:: Raw data
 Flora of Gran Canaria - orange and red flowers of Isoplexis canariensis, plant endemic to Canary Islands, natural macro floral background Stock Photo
::::
:: Raw data
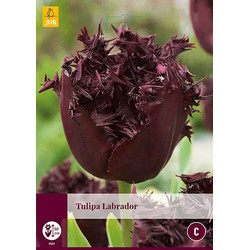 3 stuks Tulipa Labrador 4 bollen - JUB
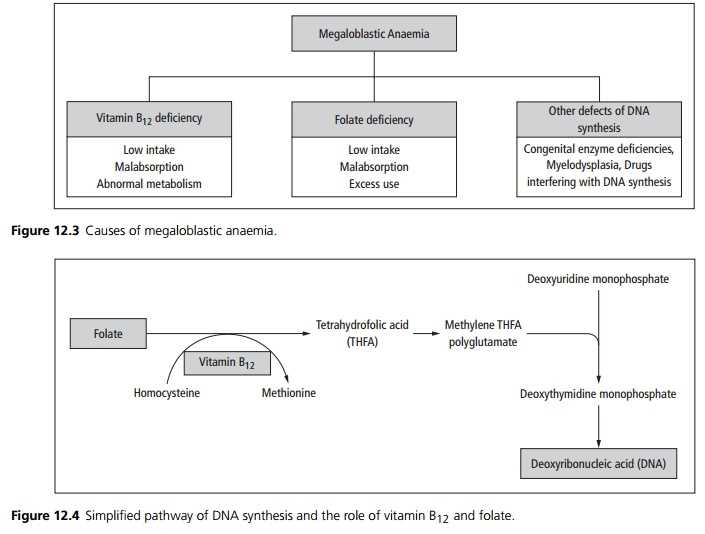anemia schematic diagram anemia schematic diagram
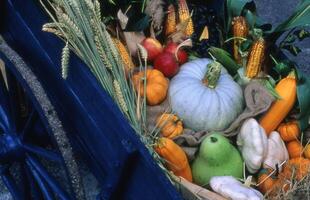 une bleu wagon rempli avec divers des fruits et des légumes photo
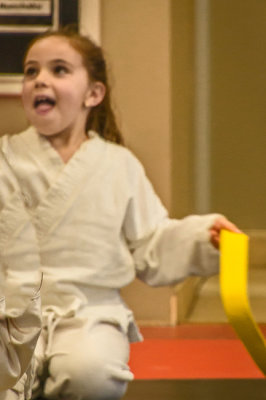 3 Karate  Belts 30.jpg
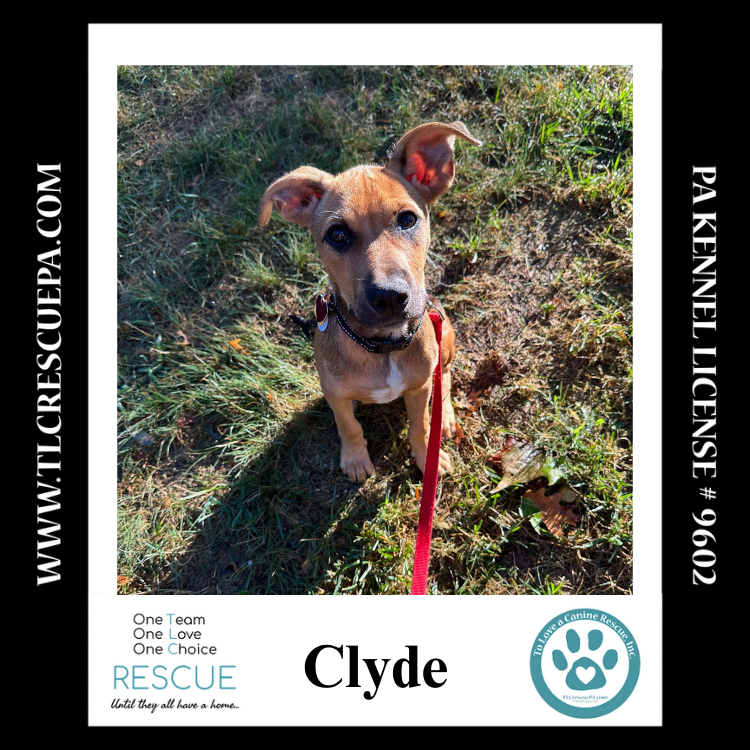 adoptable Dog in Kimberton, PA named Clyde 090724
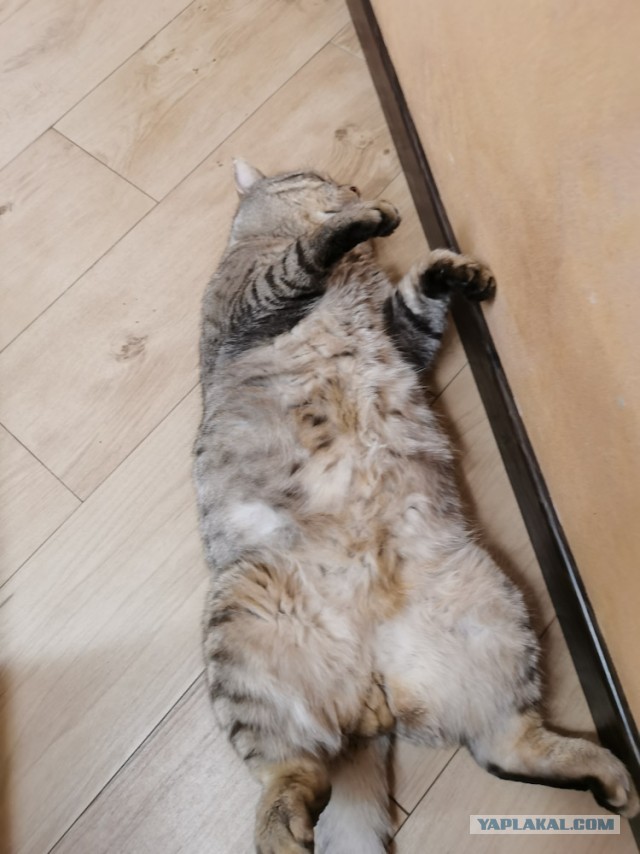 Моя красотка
::::
[Task requirements] For the entries above, print exactly the lines between the one with "une bleu wagon" and the one with "Моя красотка", inclusive, with no pictures.

[Task output]
 une bleu wagon rempli avec divers des fruits et des légumes photo
 3 Karate  Belts 30.jpg
 adoptable Dog in Kimberton, PA named Clyde 090724
 Моя красотка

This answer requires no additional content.